■ **Exercise goal**:
In the records below, find the line containing "Used 2021 Toyota Highlander L FWD image 10" and print it and every line after it exactly, through the end. Skip pictures.

■ **Data section**:
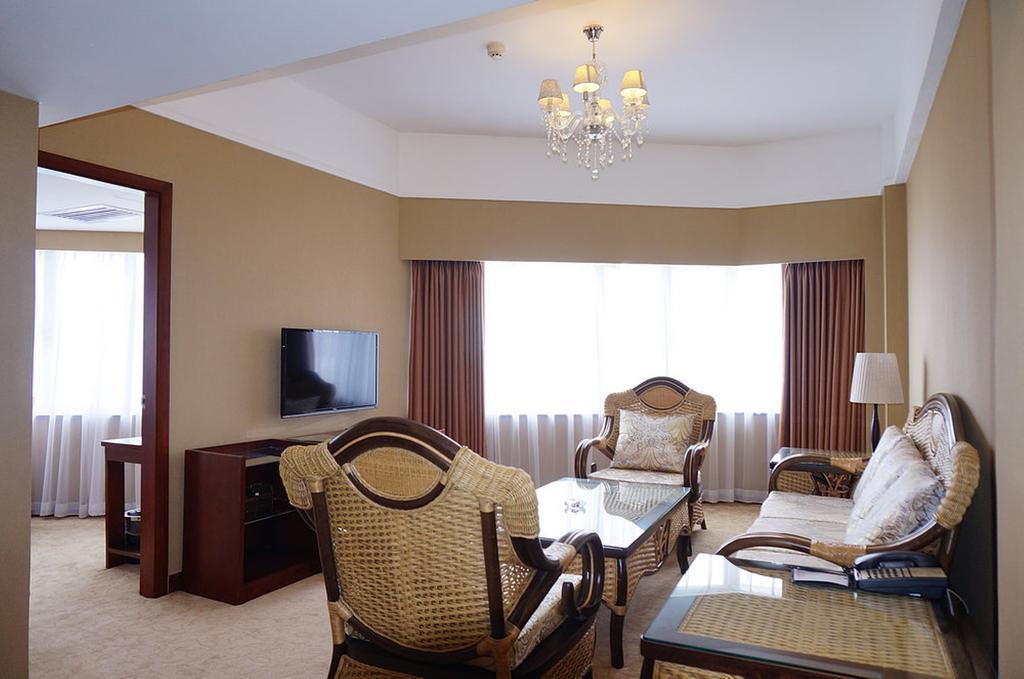 Hotel Universal Guilin Room photo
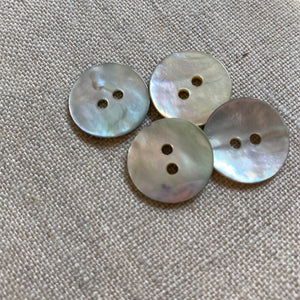 5/8" Natural Shell Buttons x 4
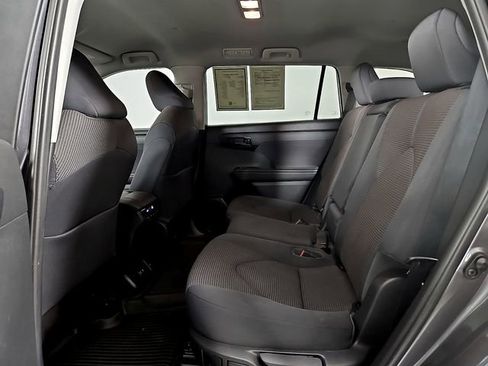 Used 2021 Toyota Highlander L FWD image 10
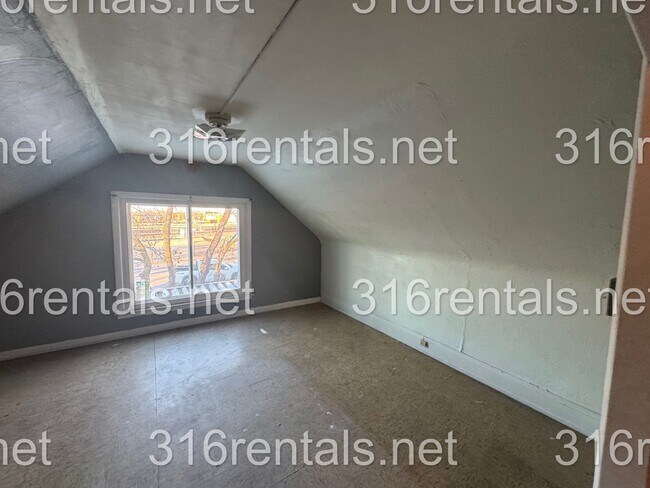 Building Photo - $895 - 3 bed 1 bath - Single Family Home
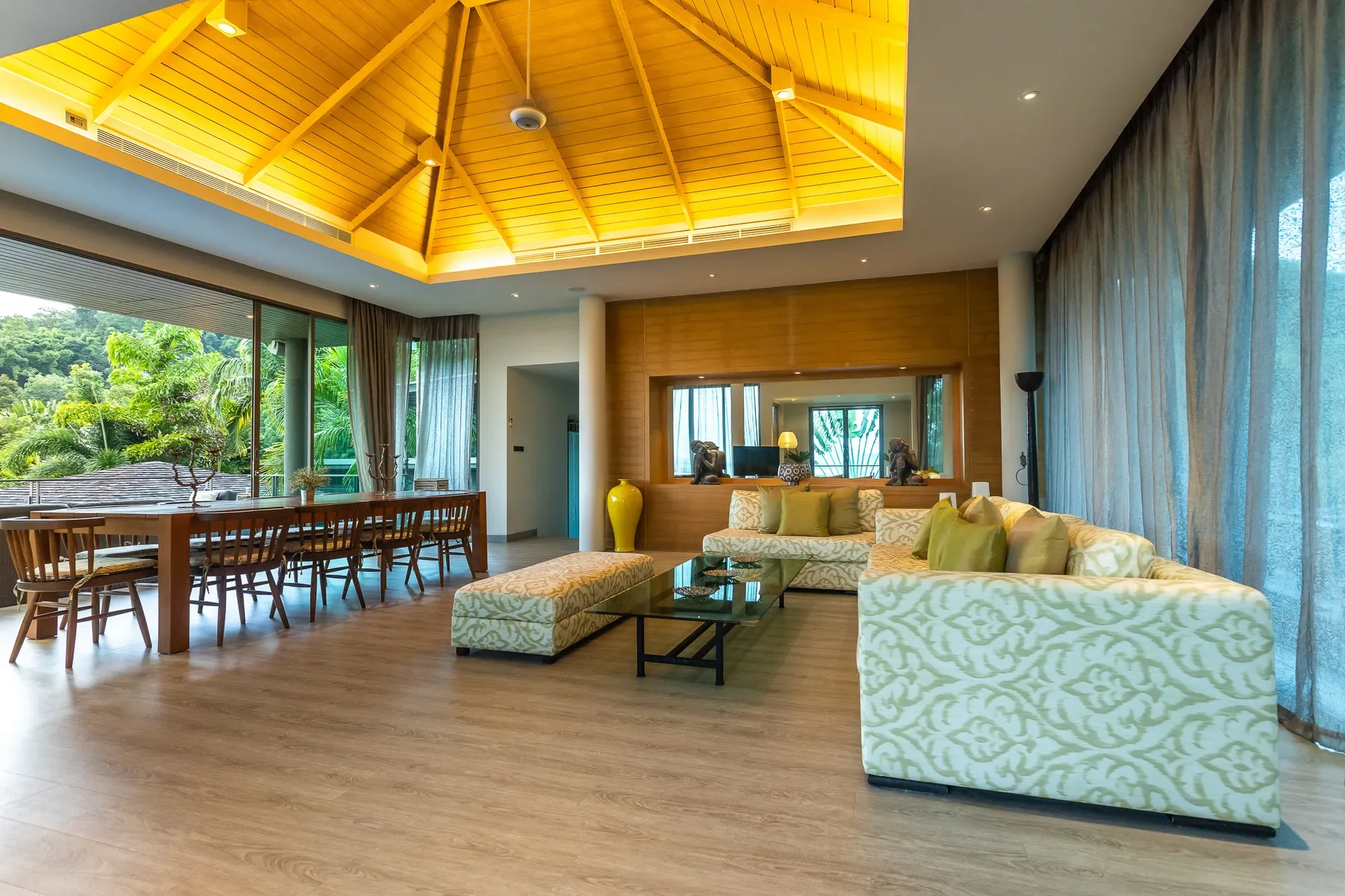 Gallery photo 1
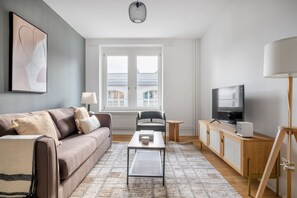 Télévision, chaîne hi-fi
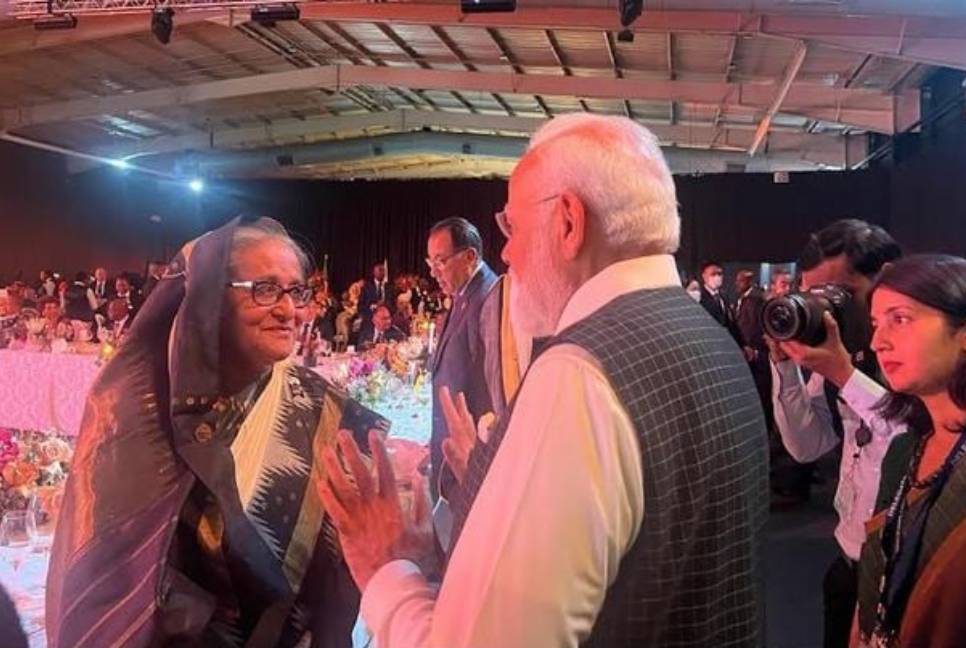 Modi walks to Hasina to exchange pleasantries at dinner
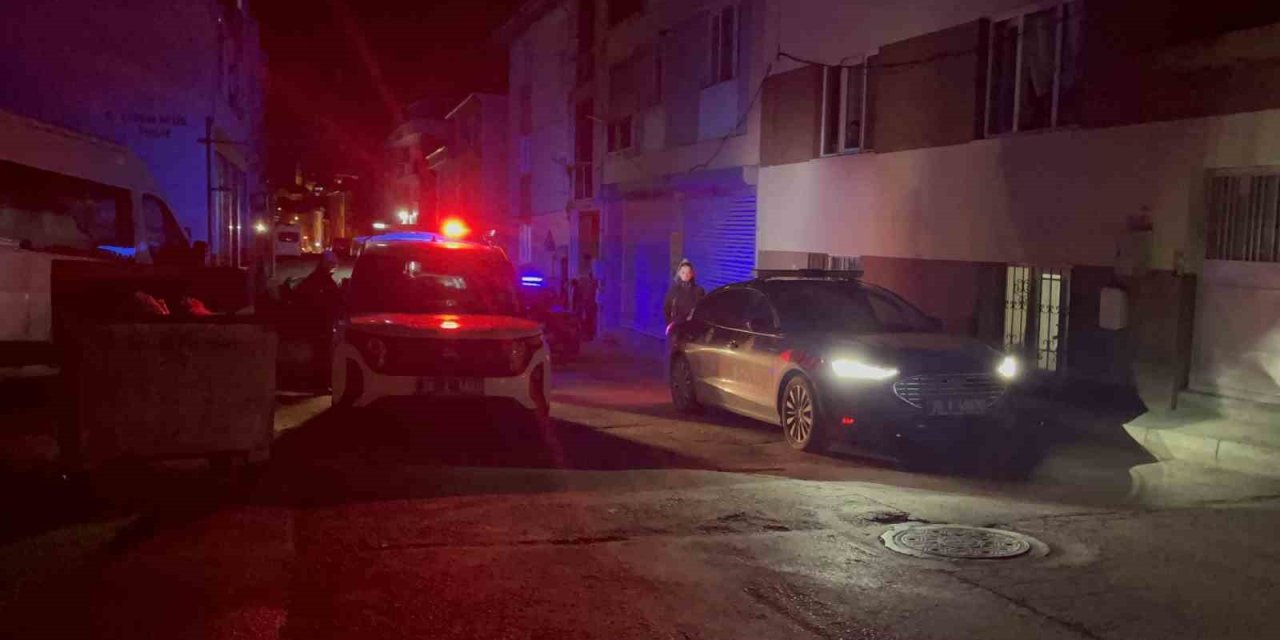 Kaçan gencin babası aracını polislerin önüne kırıp engellemeye çalıştı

■ **Written answer**:
 Used 2021 Toyota Highlander L FWD image 10
 Building Photo - $895 - 3 bed 1 bath - Single Family Home
 Gallery photo 1
 Télévision, chaîne hi-fi
 Modi walks to Hasina to exchange pleasantries at dinner
 Kaçan gencin babası aracını polislerin önüne kırıp engellemeye çalıştı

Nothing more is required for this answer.